Home / Landscapes / DJIBOUTI 37
Djibouti - a country located between Ethiopia, Somalia and Eritrea in East Africa on the Gulf of Aden.
On the pictures in order:
Maskali islet (14km from Djibouti city),
Lac Assale - It appears that this lake is the 2nd most saline lake in the world... after Canada's Patience. Indeed the water is bitter and the "beach sand" is pure salt. It is exploited by the natives who crush it with pickaxes and load it in bags... Everything on the shore is covered with salt. Some other world. There is supposedly no life in the water. Maybe there are desalination plants, but I saw people with pickaxes crushing salt on the "beach" in the sun.
Lac Abee - we arrived there after a 3.5h drive through the desert, without exaggeration it was not a "life" expedition. It resembled a Moroccan hamada (rocky desert) - two villages on the way, camels, donkeys, goats... What they feed on is a mystery. We arrived at about 5 p.m., so it was an hour until sunset. I wandered around and looked at the landscape with delight. These geological formations are unique in the world. I finally found my "point of view". I set up my camera on a tripod and waited - 40 minutes for the sun to set - I had a visualized photo. This is what I often tell my students about.... The wind was strong, it lifted the sand, the landscape started to be filmy, out of focus, gray, and the sun that was descending to a place I noticed All of me was covered in sand. Well, we had to wait. But my imagination was working "I saw" the photos.
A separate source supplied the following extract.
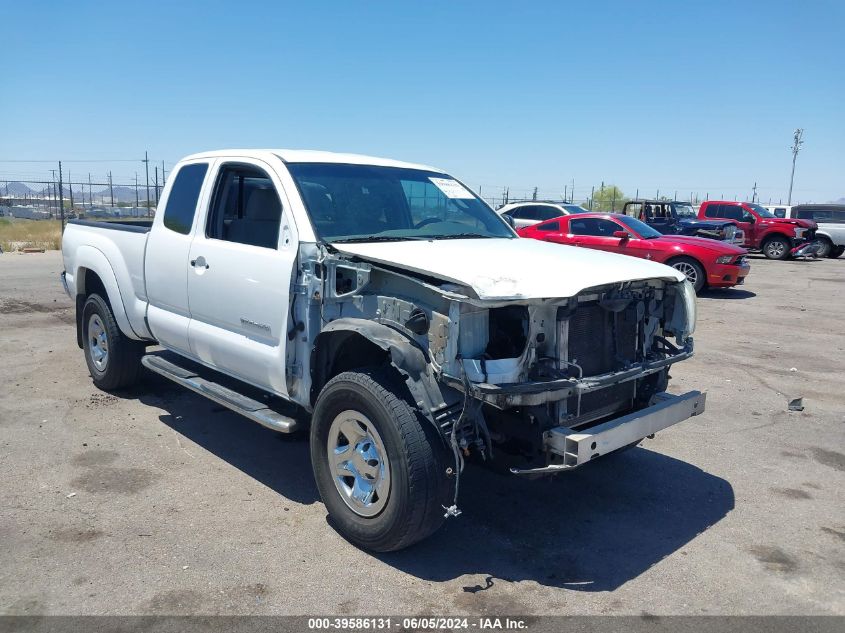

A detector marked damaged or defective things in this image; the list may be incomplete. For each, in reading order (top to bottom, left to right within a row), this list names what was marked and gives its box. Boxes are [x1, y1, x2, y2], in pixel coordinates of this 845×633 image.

damaged white pickup truck [61, 148, 704, 548]
missing front bumper [508, 390, 704, 474]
On the pictures are the surroundings of the lake LAC ABBE lying on the Afar depression. Across the lake passes the Djiboutian-Ethiopian border.
The oldest human fossils have been found in this region - some paleontologists believe this is the cradle of civilization.
Because there is a junction of tectonic plates under the ground, which are pulling apart as a result, the earth's crust is extremely thin there. Underwater springs allow magma to come out through fissures in the bottom. This is how giant travertine chimneys have been formed for thousands of years - which emerged from the water after its level dropped by two-thirds in 1950.
The area around the lake is one of the hottest (during the year) places on Earth (in winter about 30 degrees in summer 45 degrees).
This is the only such place on Earth - perhaps similar formations are on the bottom of the Pacific Ocean.
(I found the information in the BBC Travel article).
The lake is inhabited by flamingos ... which I photographed just after sunrise.
Ardoukoba - 100 km from the city of Djibouti is located Ardoukoba rift system. The eruption of Ardoukoba on November 7, 1978 after a week of seismic shaking was the first in 3000 years. A crater 30 meters wide and 100 meters high was formed. Ash emissions reached a height of 300 meters, two lava flows were produced. A small cinder cone was formed, 25 smaller fissures opened. The Ardoukoba rift is 17 kilometers wide and 800 meters deep."
I might add from myself that you can drive an ATV relatively close to the crater. From its crown there is a beautiful view of Lac Assale, among others. The peak of the volcano is at 298 meters above sea level.
The center looks like a funnel with rather steep walls plugged with lava in chunks.
On the slopes of the volcano there are many holes resembling entrances to caves. And everywhere lava, whose texture can be photographed for hours (which unfortunately I did not have).